(Listed records begins)
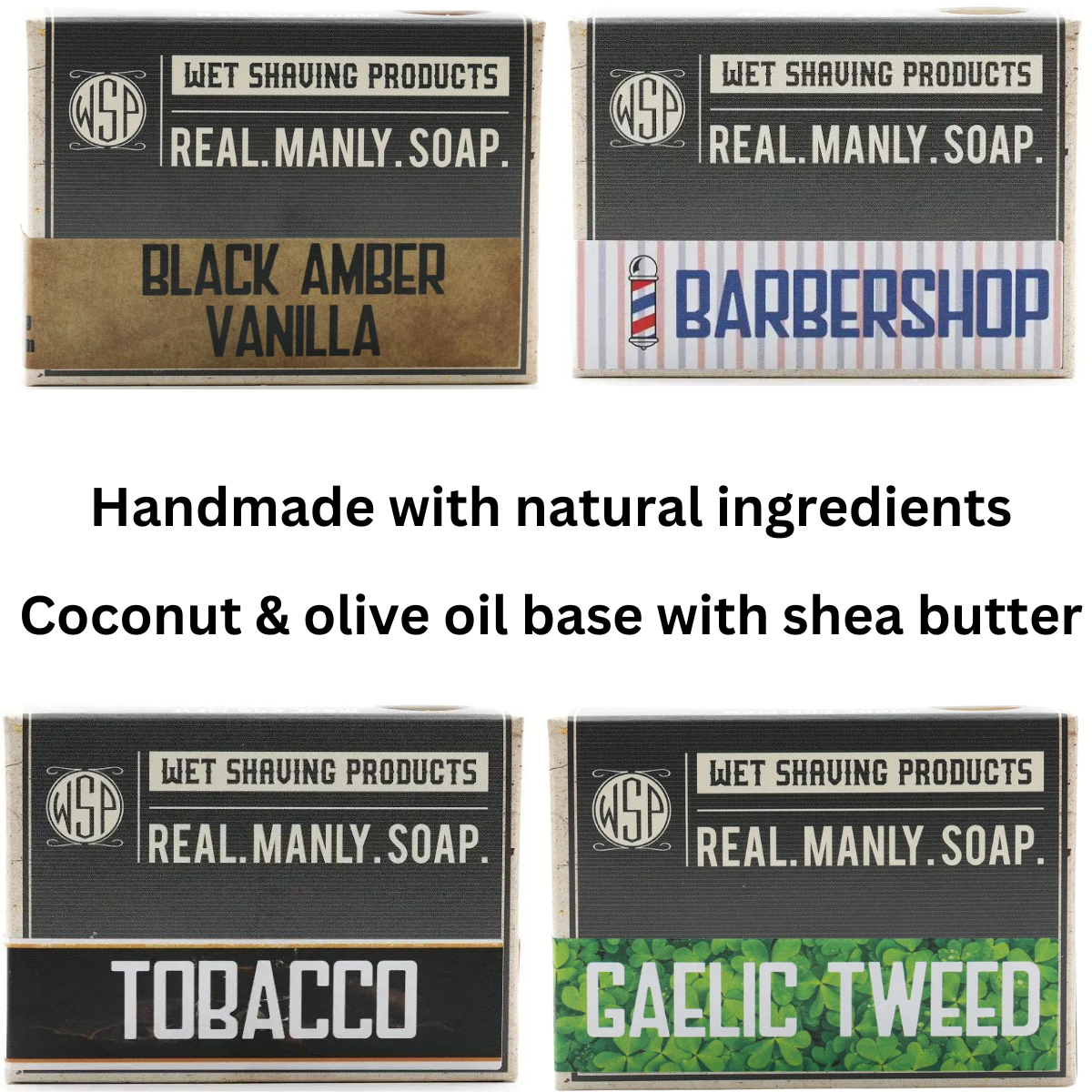 Handmade Natural Soap - Manly Scents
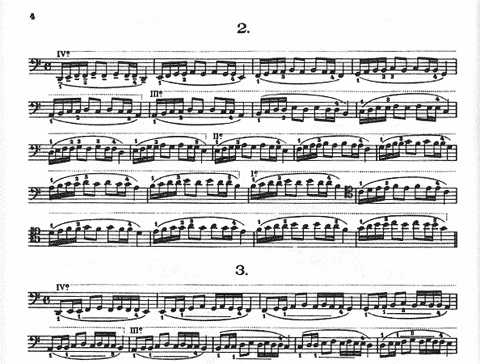 Sevcik, O.: Opus 8, Changes of Position & Preparatory Scale Studies (cello)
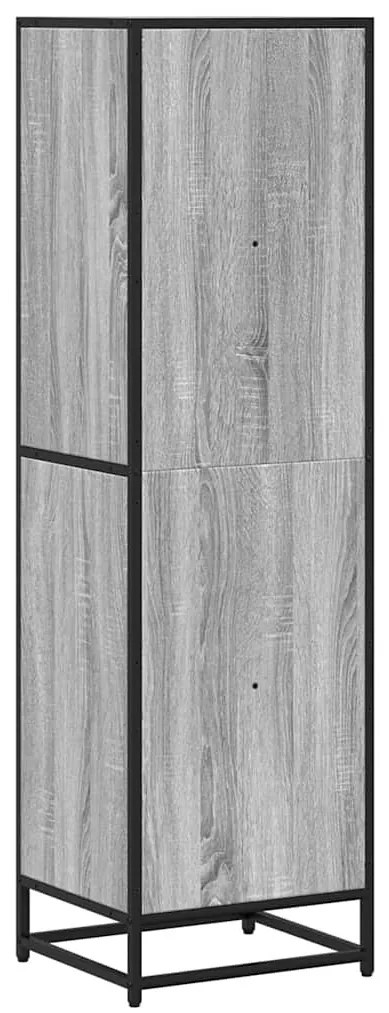 szürke sonoma színű szerelt fa könyvszekrény 40x35x139 cm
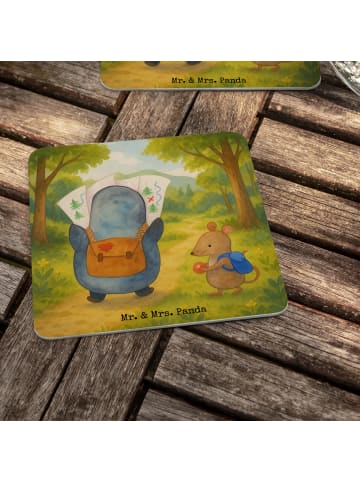 Mr. & Mrs. Panda Tischuntersetzer Pinguin & Maus Wanderer Design... in Weiß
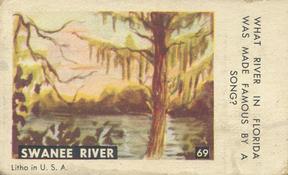 1950 Topps License Plates (R714-12) #69 Florida Back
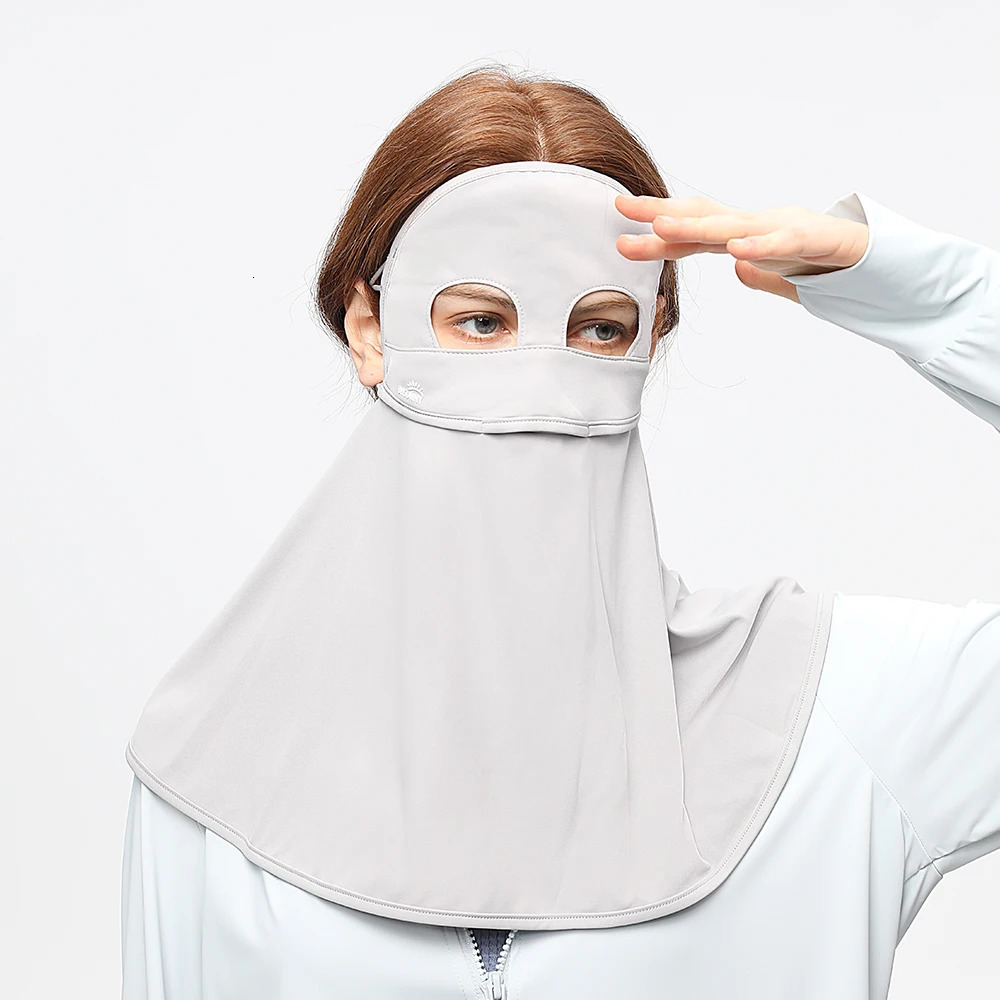 OhSunny Sun Protective Scarf for Woman Anti-UV UPF50 Face Neck Shoulder Integrated Facial Cover Summer Breathable Mask 250624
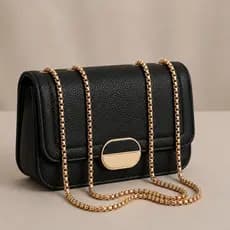 Bolsa Feminina Pequena De Festa Bolsa Noite Com Alça De Corrente Transversal Balada Moda Blogueira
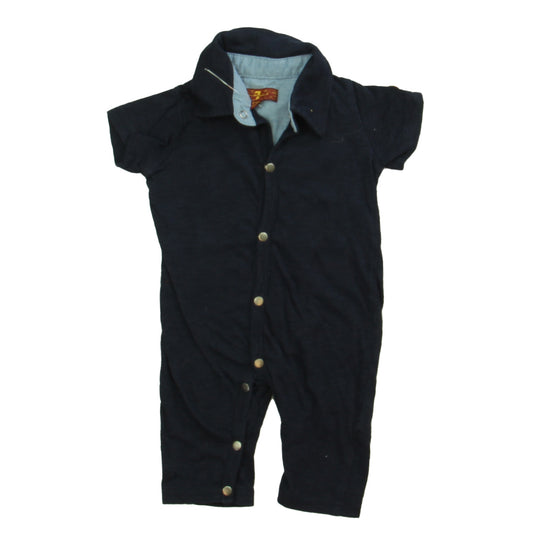 7 for all Mankind Boys Navy Romper Size: 0-3 Months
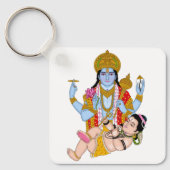 Shiva & Vishnu Keychain – Spiritual Combo Keyring (Voorkant)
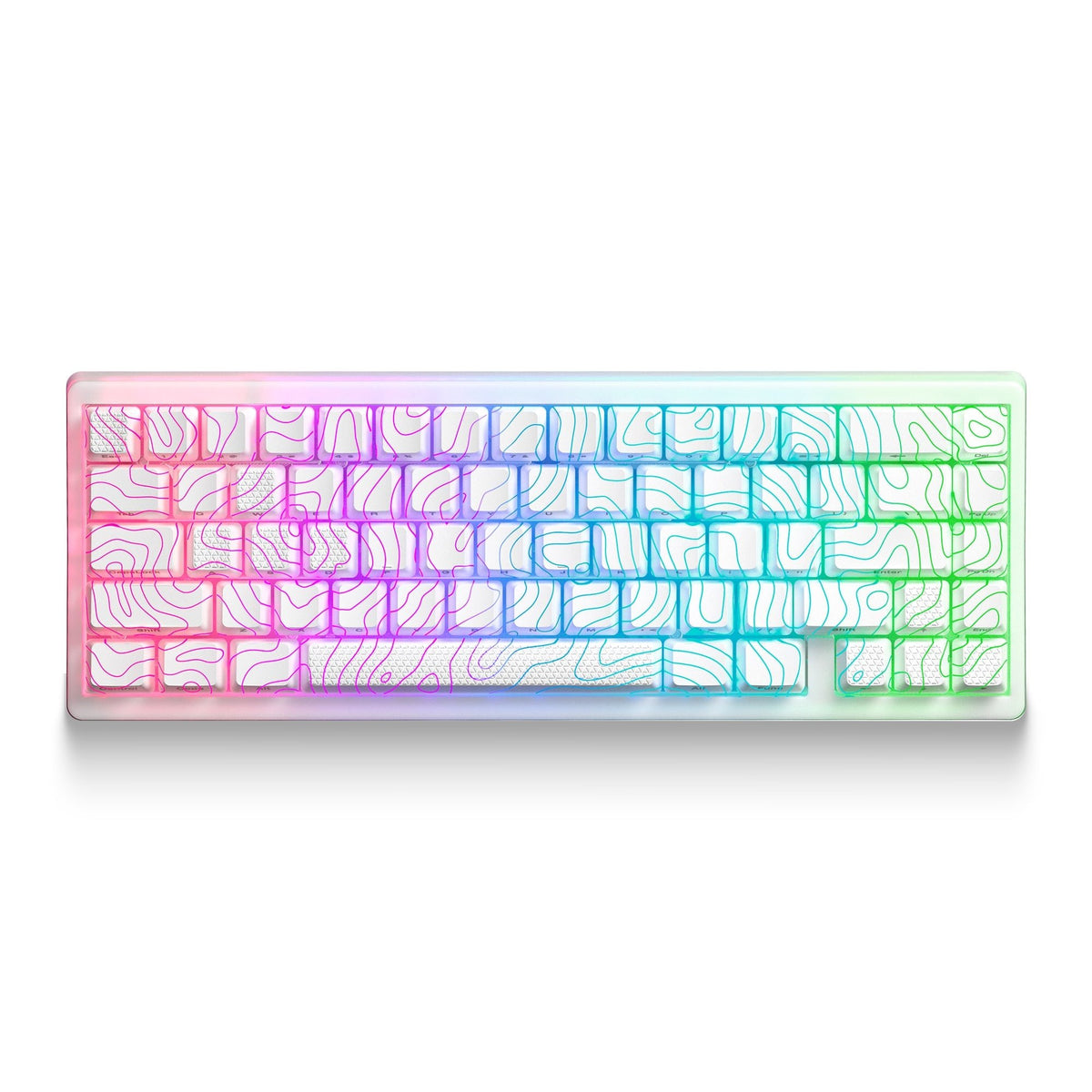 XVX M67 JadeStone Stellar White Tri-Mode RGB Mechanical Keyboard - Agenda365.com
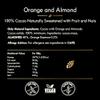 Willie's Cacao - 100% Cocoa with Orange & Almond - No Added Sugar Chocolate bar - 50g x 12 - Naturally sweetened with fruit and nuts - Vegan - Artisan made view 2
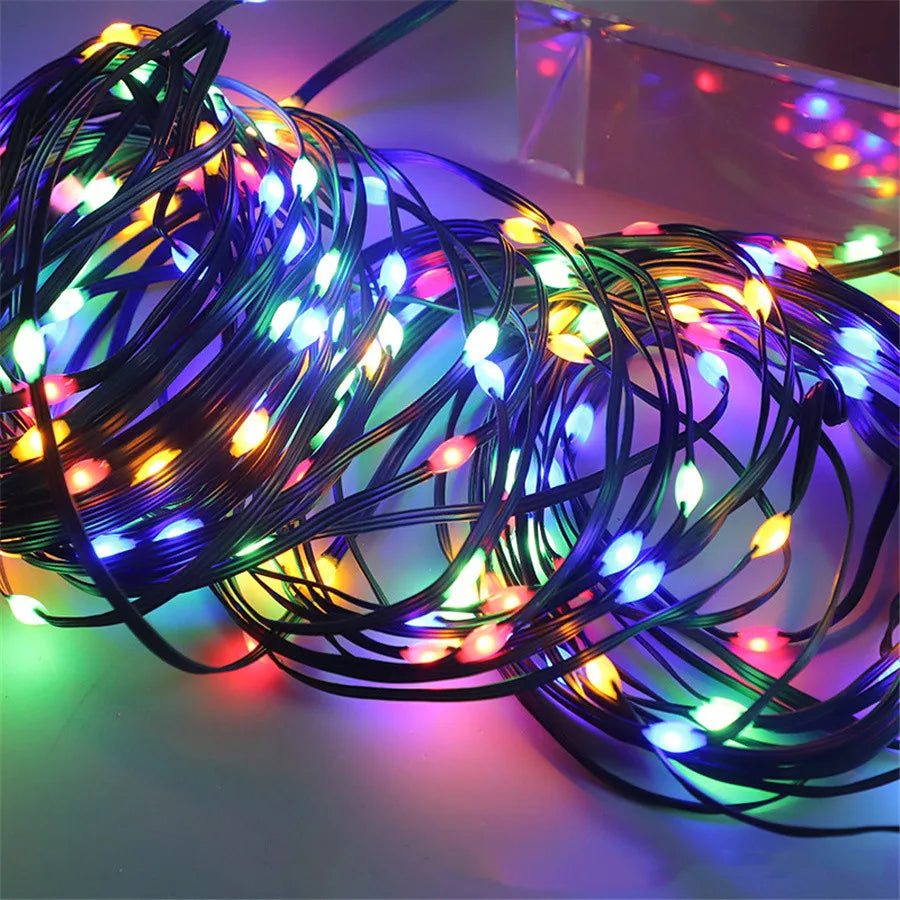 VerdeLicht Waterproof LED String Lights – Outdoor Lighting for Garden and Terrace | Bowlift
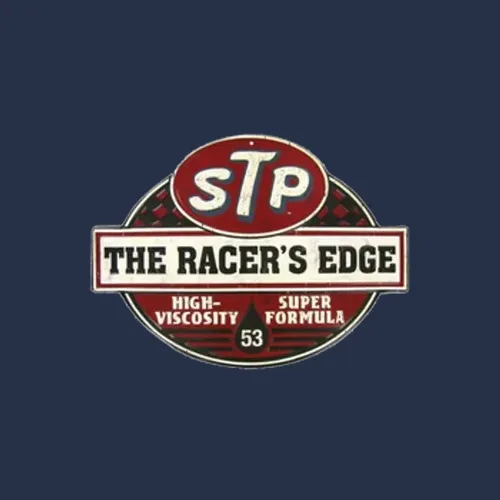 Stp Oil Vintage Logo Racers Edge Distressed Logo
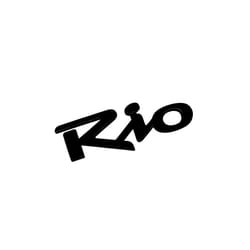 Car Decor ABS Chrome Silver /Black Rio Logo Car Letter Rear Bumper Trunk - 2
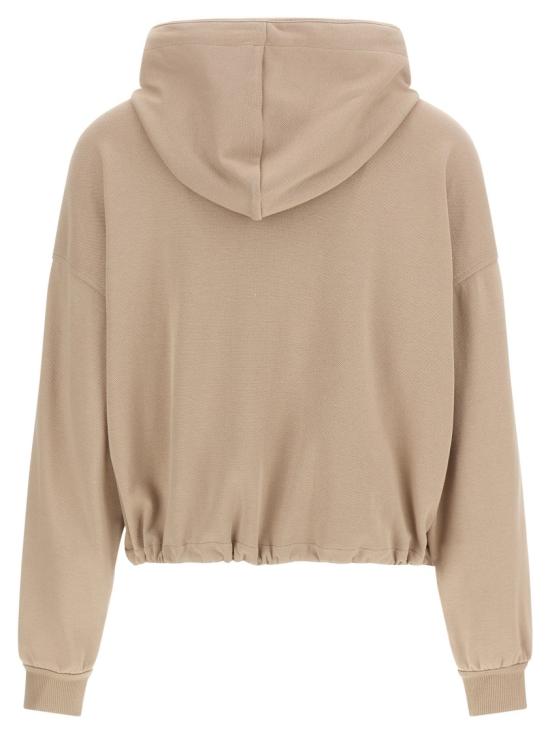 26SS 브루넬로 쿠치넬리 후드 티셔츠 MG927VT406C9272 Neutrals - BRUNELLO CUCINELLI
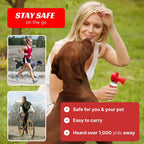 Person holding Dog Horn XL for dog training on a walk
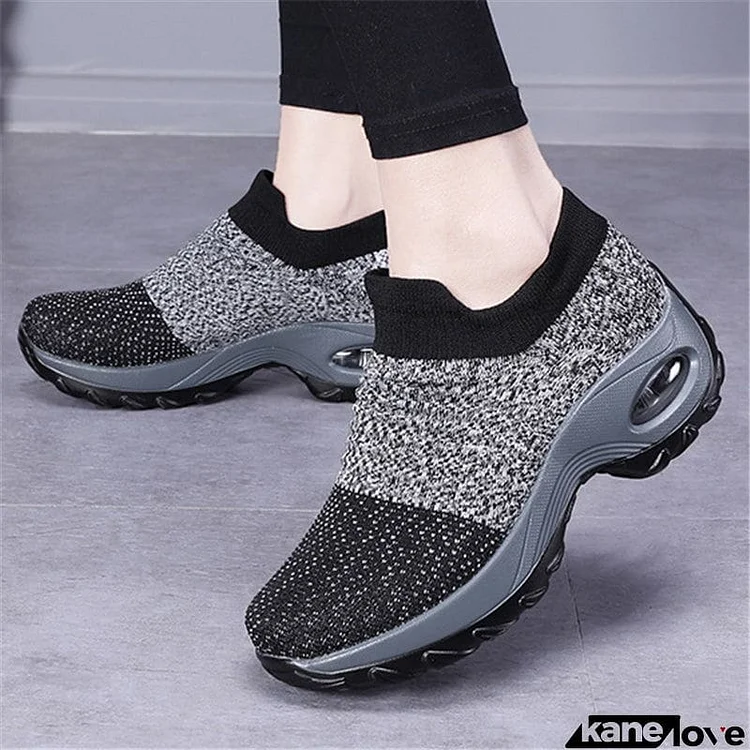 Women's Ultra Cozy Thick Sole Lightweight Slip on Sneaker Shoes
(Listed records ends)
Task description
Exactly as written, repeat the lines from the beginning of the entries up to and including the line with "OhSunny Sun Protective", but not the pictures.

Answer to this task
 Handmade Natural Soap - Manly Scents
 Sevcik, O.: Opus 8, Changes of Position & Preparatory Scale Studies (cello)
 szürke sonoma színű szerelt fa könyvszekrény 40x35x139 cm
 Mr. & Mrs. Panda Tischuntersetzer Pinguin & Maus Wanderer Design... in Weiß
 1950 Topps License Plates (R714-12) #69 Florida Back
 OhSunny Sun Protective Scarf for Woman Anti-UV UPF50 Face Neck Shoulder Integrated Facial Cover Summer Breathable Mask 250624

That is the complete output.